A single accident caused by a defect is devastating and parents hope that regulators, companies and government agencies will take swift action if a car seat proves unsafe. Unfortunately, the recall process has broken down in the past and there have been cases where dangerous car seats have remained on the market past the point when there were concerns about safety. The Evenflo Discovery seat, for example, was recalled because the car seat could separate from its base in certain crashes. The circumstances surrounding the recall and the NHTSA’s investigation of the car seat problems however, have remained largely shrouded in mystery and the NHTSA may have failed to act decisively to urge a recall.

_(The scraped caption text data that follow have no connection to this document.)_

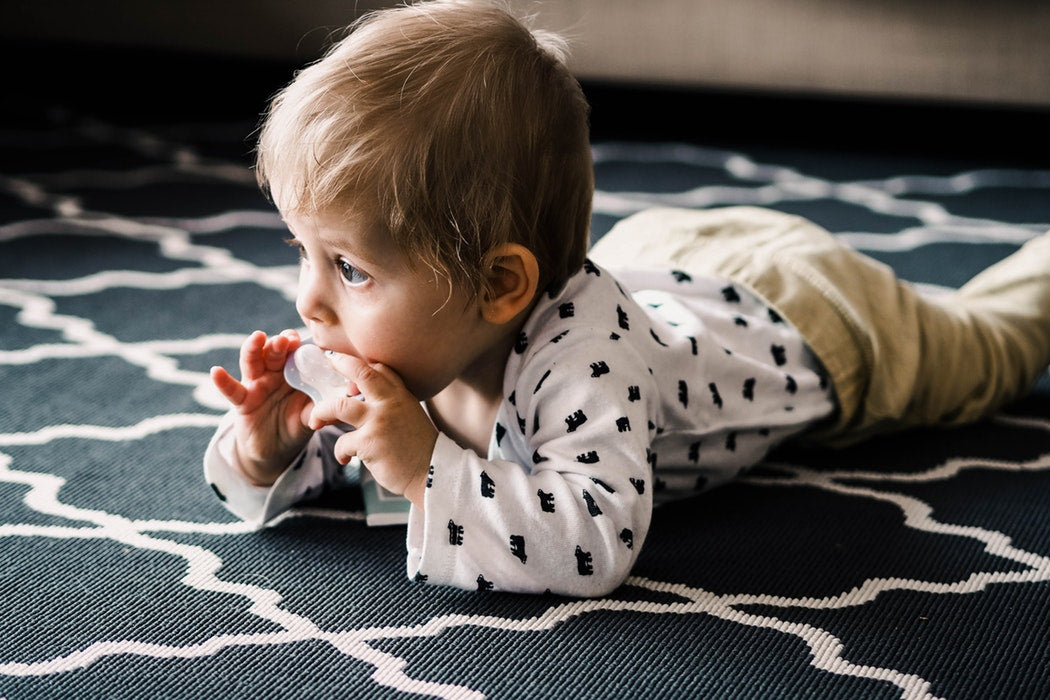 LeoBabys: Babys in der oralen Phase Banner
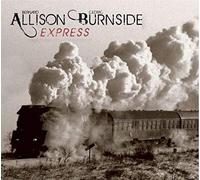 Allison Burnside Express Allison Burnside Express (CD) Album (US IMPORT)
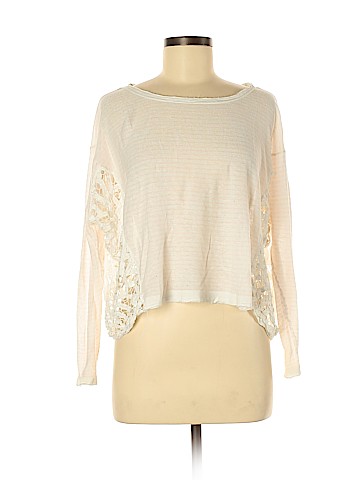 Free People Long Sleeve Blouse (view 1)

Dangerous Car Seats Put Kids at Risk
The Evenflo Discovery was a car seat and infant carrier that unfortunately had a defect in the latch mechanism responsible for keeping the car seat attached to its base in the car. Since the latch was not as secure as necessary, the Evenflo Discovery had a tendency to detach, especially as a result of side-impact crashes.
There were several different models of the Evenflo Discovery produced and sold, including the 390, 391, 534 and 552 models. Unfortunately, all of these models had similar issues with the car seat detaching from the base and putting kids in serious danger.

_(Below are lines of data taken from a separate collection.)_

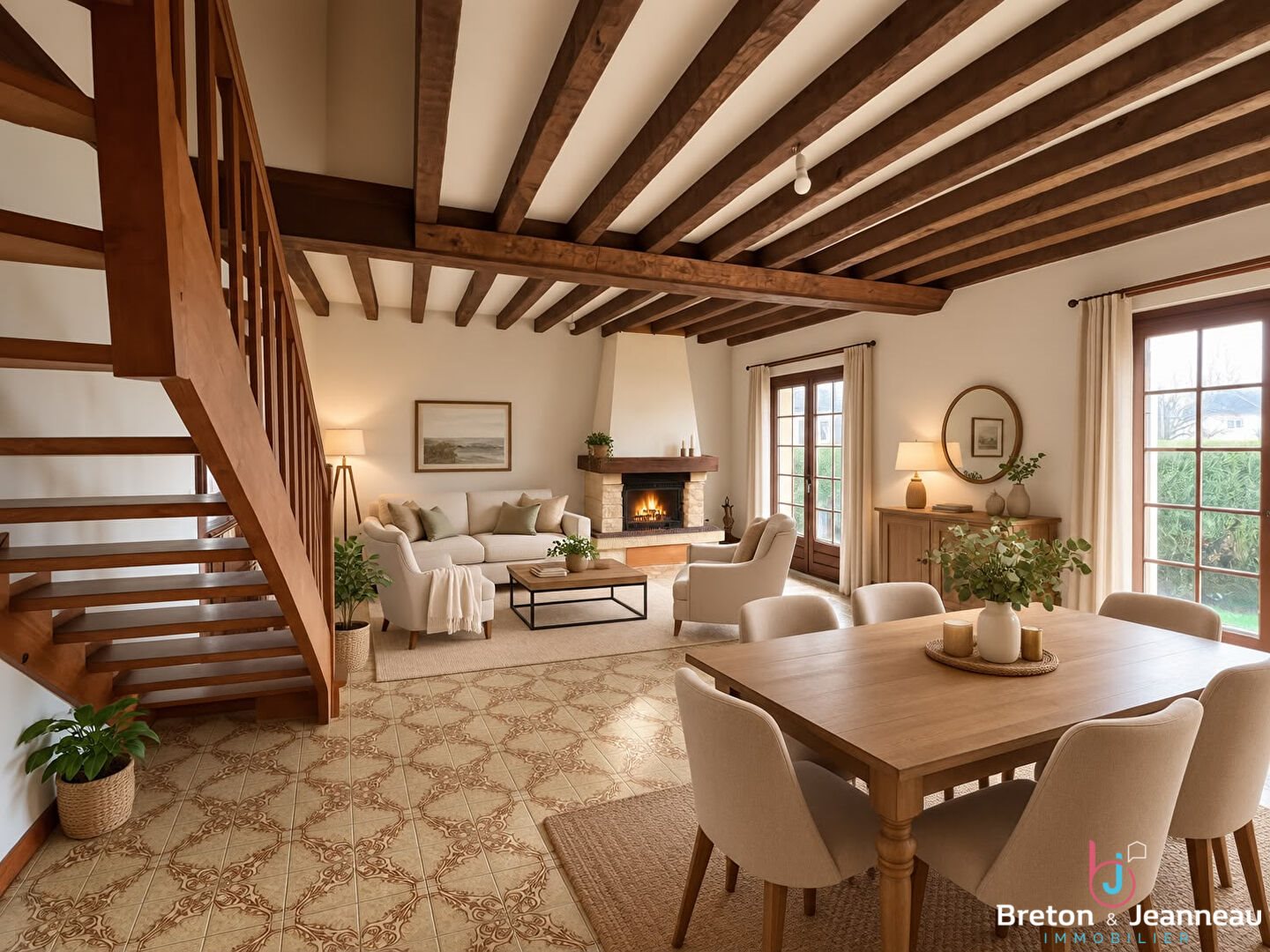 Maison à vendre, 80m², Javron-les-Chapelles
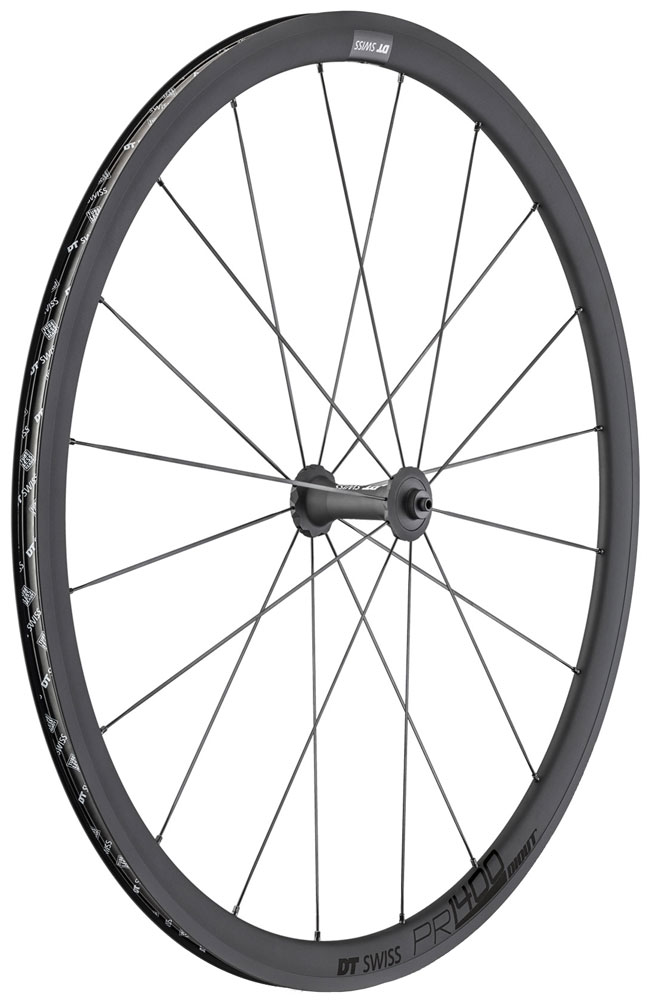 DT Swiss PR 1400 Dicut Oxic Clincher 32mm - immagine 2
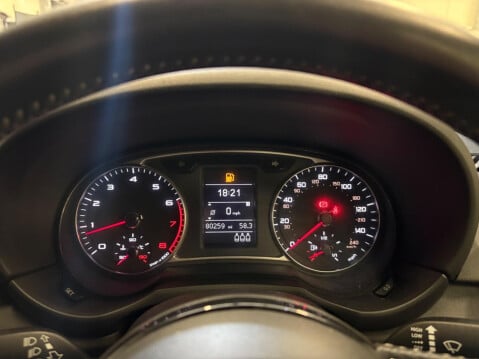 Audi A1 1.4 TFSI S line Style Edition Sportback Euro 5 (s/s) 5dr 21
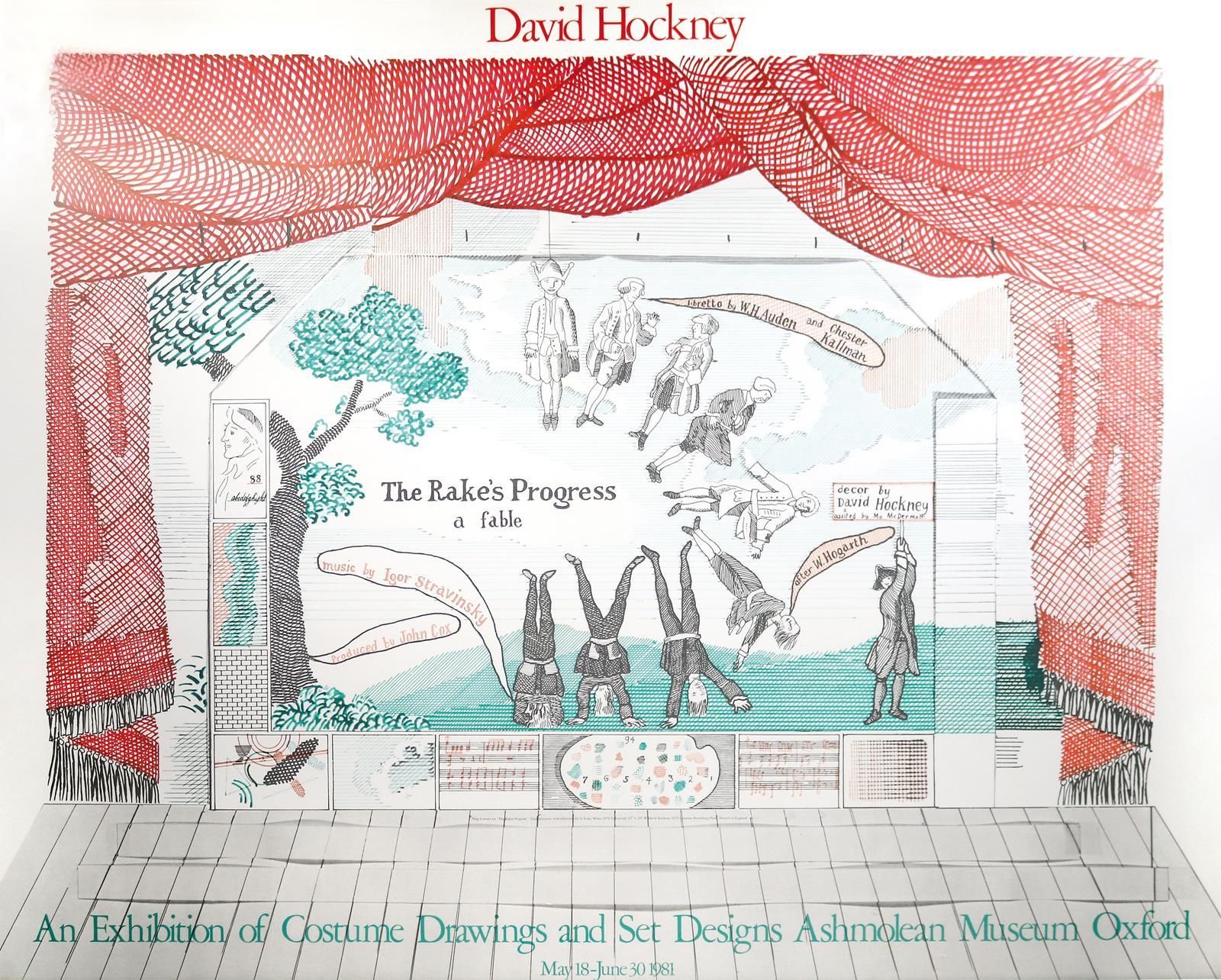 Hockney, David | Bild Nr.1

In September of 2005, Safety Research reported that a seven-month-old baby died in an accident when his mother’s minivan rolled over. While the three-year-old in the van survived in her child seat, the Evenflo discovery seat detached from its base. The seat, with the baby strapped inside, flew from the van and the baby died of a skull fracture and head injury.
The tragic accident prompted a report to be made to the NHTSA about the Evenflo detaching and the resulting death. The NHTSA had already conducted a small-scale investigation about Evenflo car seats after injuries and deaths in 2004 but had closed that investigation after four months without finding Evenflo defective.

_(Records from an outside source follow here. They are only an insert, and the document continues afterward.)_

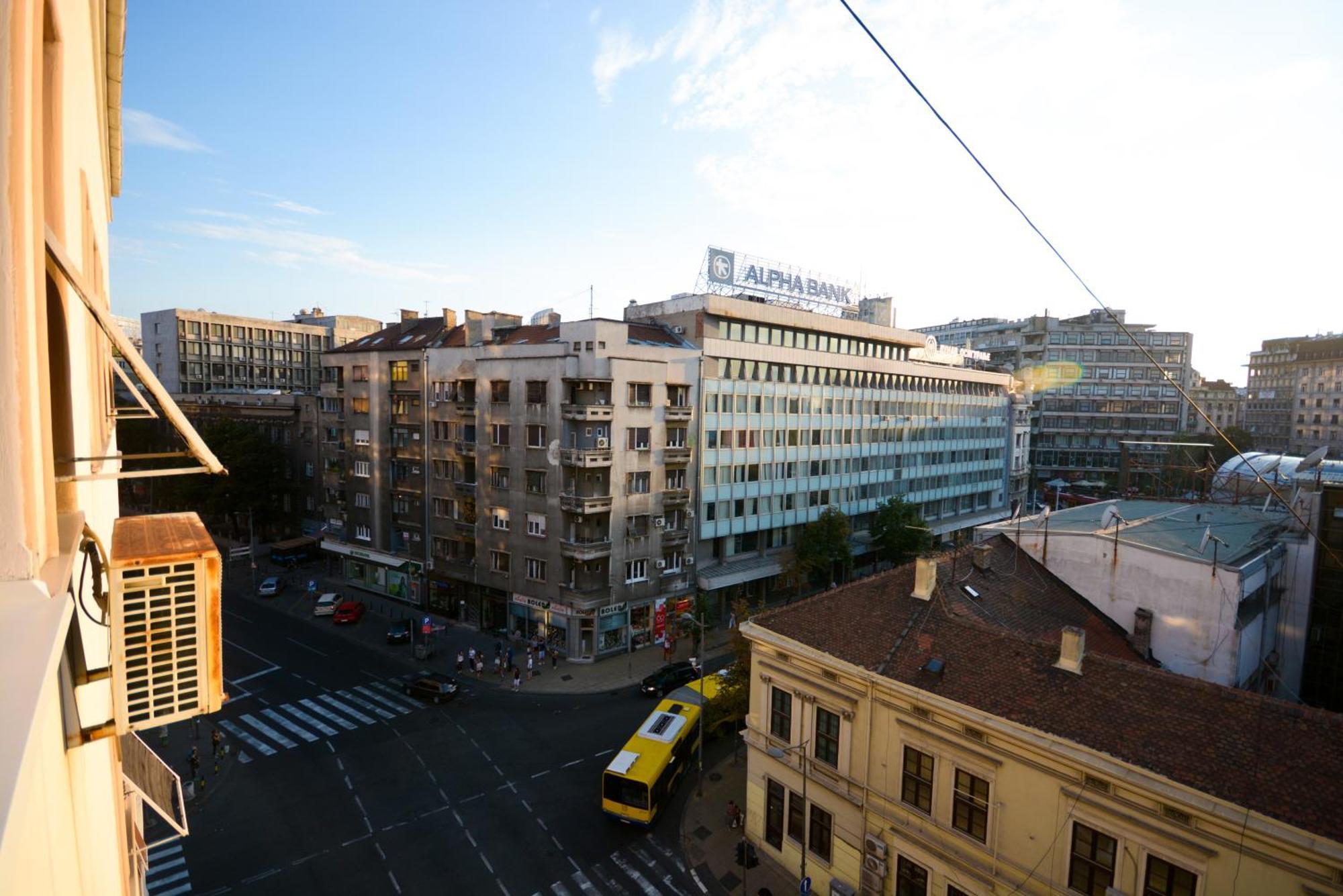 Apartment Mina Βελιγράδι Εξωτερικό φωτογραφία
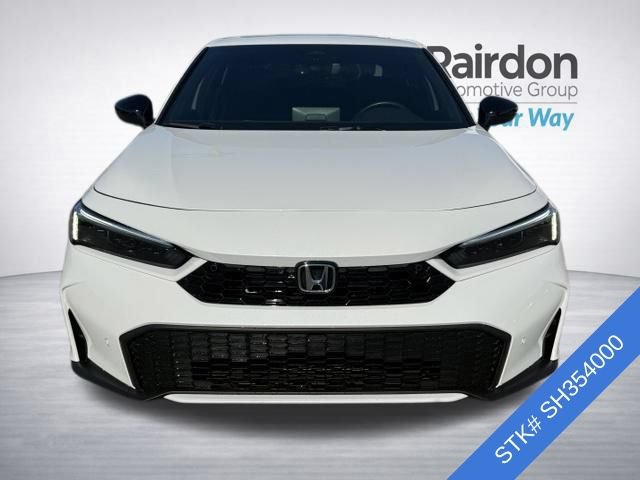 Used 2025 Honda Civic Sport image 2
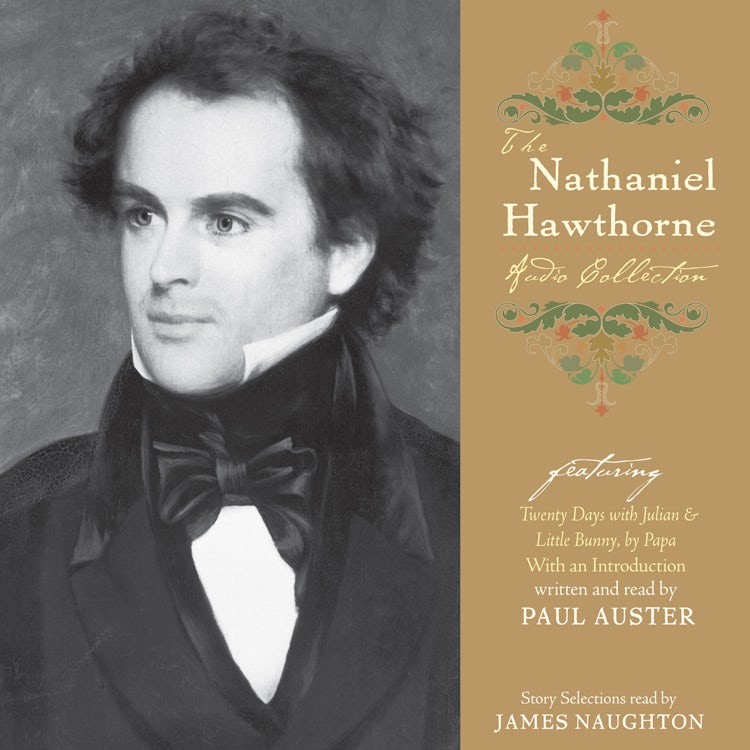 Cover image for The Nathaniel Hawthorne Audio Collection, isbn: 9780060755720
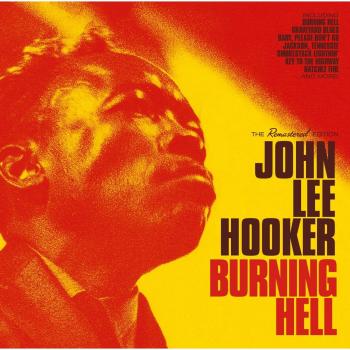 Burning Hell + 8 Bonus Tracks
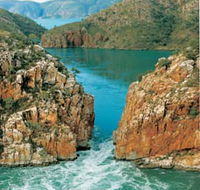 Horizontal Waterfalls - Accommodation Melbourne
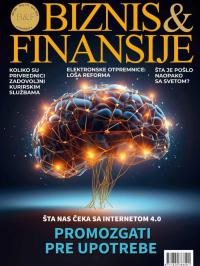 Biznis & Finansije - broj 232, 16. apr 2025.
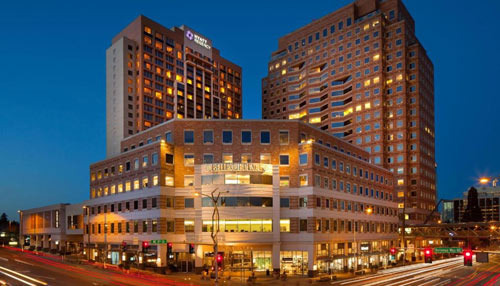 Top Hotels in Bellevue: Hyatt Regency Bellevue, Westin Bellevue - Bellevue - 1
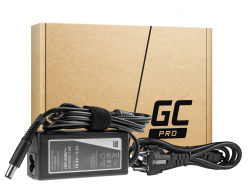 Alimentatore / Caricatore Green Cell PRO 18.5V 3.5A 65W per HP 250 G1 255 G1 ProBook 450 G2 455 G2 Compaq Presario CQ56 CQ57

Despite the new accident reports and the past history of trouble, it was a full 15 months from the time of the report until an investigator from the NHTSA’s Office of Defects Investigation came looking for the accident report.
The NHTSA not only delayed in investigating reports of the Evenflo’s base separating, but the agency also reportedly kept their investigations secret and tried to discredit Consumer Reports when the magazine published a story warning that sled-tests showed the Discovery had a tendency to separate from its base after a crash.
The NHTSA’s actions have many safety advocates concerned about why the agency did not respond sooner or issue warnings and about why the agency tried to discredit the Consumer Reports article.
Ultimately, several models of the Discovery car-seats were recalled, but this recall did not occur for 3 ½ years after the NHTSA’s first investigation was closed and after the NHTSA had conducted two secret investigations that were not revealed to the public.
Parents are concerned that the NHTSA did not disclose the information about the investigations and are concerned about the fact that the Evenflo Discovery stayed on the market for so long despite the reported risks. Further, not every model has been recalled and there may still be some dangerous Discovery-model car seats out there putting kids at risk. Questions thus remain about why swifter action was not taken and about whether an ongoing danger exists that is not being addressed.